*What this task involves*
Below are some records. Return exactly the lines from the one with "Cama alta 90x200cm" to the one with "Wood Statue Of", and nothing else.

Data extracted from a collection

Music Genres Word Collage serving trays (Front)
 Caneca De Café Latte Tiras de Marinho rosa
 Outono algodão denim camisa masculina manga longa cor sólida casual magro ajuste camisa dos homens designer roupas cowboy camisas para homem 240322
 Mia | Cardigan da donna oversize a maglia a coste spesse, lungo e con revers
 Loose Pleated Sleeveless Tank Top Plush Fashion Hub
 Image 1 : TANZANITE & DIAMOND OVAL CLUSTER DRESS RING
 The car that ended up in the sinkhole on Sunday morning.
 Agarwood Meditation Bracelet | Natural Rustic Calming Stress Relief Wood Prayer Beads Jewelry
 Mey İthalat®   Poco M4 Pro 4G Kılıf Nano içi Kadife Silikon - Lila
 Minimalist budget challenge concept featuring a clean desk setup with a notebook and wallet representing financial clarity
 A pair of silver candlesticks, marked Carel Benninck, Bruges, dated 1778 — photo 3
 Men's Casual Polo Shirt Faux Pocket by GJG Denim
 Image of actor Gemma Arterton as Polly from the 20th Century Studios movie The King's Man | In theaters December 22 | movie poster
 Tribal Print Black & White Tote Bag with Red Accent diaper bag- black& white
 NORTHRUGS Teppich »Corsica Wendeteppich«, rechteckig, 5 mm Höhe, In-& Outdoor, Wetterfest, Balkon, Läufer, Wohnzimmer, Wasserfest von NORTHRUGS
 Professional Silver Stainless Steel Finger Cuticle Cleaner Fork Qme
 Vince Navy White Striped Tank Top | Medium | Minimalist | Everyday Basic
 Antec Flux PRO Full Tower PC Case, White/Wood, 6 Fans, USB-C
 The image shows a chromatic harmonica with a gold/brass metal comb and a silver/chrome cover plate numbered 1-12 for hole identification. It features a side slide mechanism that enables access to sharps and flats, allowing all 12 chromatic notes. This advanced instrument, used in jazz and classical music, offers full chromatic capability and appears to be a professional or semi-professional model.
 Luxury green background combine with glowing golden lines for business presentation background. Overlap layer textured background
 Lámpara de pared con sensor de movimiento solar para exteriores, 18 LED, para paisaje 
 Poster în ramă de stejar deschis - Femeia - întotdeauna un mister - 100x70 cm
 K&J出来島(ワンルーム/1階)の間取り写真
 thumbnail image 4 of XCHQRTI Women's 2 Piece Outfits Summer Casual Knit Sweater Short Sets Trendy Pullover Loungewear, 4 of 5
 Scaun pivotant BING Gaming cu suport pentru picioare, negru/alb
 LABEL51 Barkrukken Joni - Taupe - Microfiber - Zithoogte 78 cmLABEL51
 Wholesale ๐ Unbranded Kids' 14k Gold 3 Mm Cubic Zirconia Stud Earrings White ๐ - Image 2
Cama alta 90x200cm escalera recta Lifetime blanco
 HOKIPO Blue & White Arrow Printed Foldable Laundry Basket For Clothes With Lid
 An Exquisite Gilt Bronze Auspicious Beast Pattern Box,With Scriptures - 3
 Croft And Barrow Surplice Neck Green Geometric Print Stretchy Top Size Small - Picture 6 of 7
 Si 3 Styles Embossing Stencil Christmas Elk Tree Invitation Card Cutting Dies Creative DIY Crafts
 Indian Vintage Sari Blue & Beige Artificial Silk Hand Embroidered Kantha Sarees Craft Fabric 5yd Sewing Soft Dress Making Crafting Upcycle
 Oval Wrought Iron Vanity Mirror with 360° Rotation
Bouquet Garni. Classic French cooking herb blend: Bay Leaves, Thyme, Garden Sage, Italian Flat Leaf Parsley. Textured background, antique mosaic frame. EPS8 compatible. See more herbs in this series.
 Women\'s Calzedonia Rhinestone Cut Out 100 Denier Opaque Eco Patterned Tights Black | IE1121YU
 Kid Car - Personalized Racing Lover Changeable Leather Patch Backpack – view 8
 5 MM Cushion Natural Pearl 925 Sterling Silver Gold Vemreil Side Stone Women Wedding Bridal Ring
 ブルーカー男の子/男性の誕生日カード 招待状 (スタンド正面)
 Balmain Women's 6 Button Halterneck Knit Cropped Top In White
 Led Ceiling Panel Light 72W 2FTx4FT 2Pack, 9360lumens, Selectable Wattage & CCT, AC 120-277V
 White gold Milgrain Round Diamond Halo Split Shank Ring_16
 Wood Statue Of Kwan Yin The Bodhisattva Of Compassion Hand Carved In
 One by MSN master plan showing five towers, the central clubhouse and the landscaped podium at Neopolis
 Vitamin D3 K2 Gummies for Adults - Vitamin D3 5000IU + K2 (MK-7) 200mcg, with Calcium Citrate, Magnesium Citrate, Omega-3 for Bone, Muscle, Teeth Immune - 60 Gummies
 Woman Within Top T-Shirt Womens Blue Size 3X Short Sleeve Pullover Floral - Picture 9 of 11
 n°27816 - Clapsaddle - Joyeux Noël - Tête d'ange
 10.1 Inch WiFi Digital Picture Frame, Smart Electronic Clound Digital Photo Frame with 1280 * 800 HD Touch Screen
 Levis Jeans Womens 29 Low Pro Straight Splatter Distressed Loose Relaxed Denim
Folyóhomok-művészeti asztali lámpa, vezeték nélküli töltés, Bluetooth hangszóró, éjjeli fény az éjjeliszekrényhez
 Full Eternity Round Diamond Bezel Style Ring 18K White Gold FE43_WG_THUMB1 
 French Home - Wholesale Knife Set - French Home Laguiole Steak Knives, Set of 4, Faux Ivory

*Solution to this problem*
Cama alta 90x200cm escalera recta Lifetime blanco
 HOKIPO Blue & White Arrow Printed Foldable Laundry Basket For Clothes With Lid
 An Exquisite Gilt Bronze Auspicious Beast Pattern Box,With Scriptures - 3
 Croft And Barrow Surplice Neck Green Geometric Print Stretchy Top Size Small - Picture 6 of 7
 Si 3 Styles Embossing Stencil Christmas Elk Tree Invitation Card Cutting Dies Creative DIY Crafts
 Indian Vintage Sari Blue & Beige Artificial Silk Hand Embroidered Kantha Sarees Craft Fabric 5yd Sewing Soft Dress Making Crafting Upcycle
 Oval Wrought Iron Vanity Mirror with 360° Rotation
Bouquet Garni. Classic French cooking herb blend: Bay Leaves, Thyme, Garden Sage, Italian Flat Leaf Parsley. Textured background, antique mosaic frame. EPS8 compatible. See more herbs in this series.
 Women\'s Calzedonia Rhinestone Cut Out 100 Denier Opaque Eco Patterned Tights Black | IE1121YU
 Kid Car - Personalized Racing Lover Changeable Leather Patch Backpack – view 8
 5 MM Cushion Natural Pearl 925 Sterling Silver Gold Vemreil Side Stone Women Wedding Bridal Ring
 ブルーカー男の子/男性の誕生日カード 招待状 (スタンド正面)
 Balmain Women's 6 Button Halterneck Knit Cropped Top In White
 Led Ceiling Panel Light 72W 2FTx4FT 2Pack, 9360lumens, Selectable Wattage & CCT, AC 120-277V
 White gold Milgrain Round Diamond Halo Split Shank Ring_16
 Wood Statue Of Kwan Yin The Bodhisattva Of Compassion Hand Carved In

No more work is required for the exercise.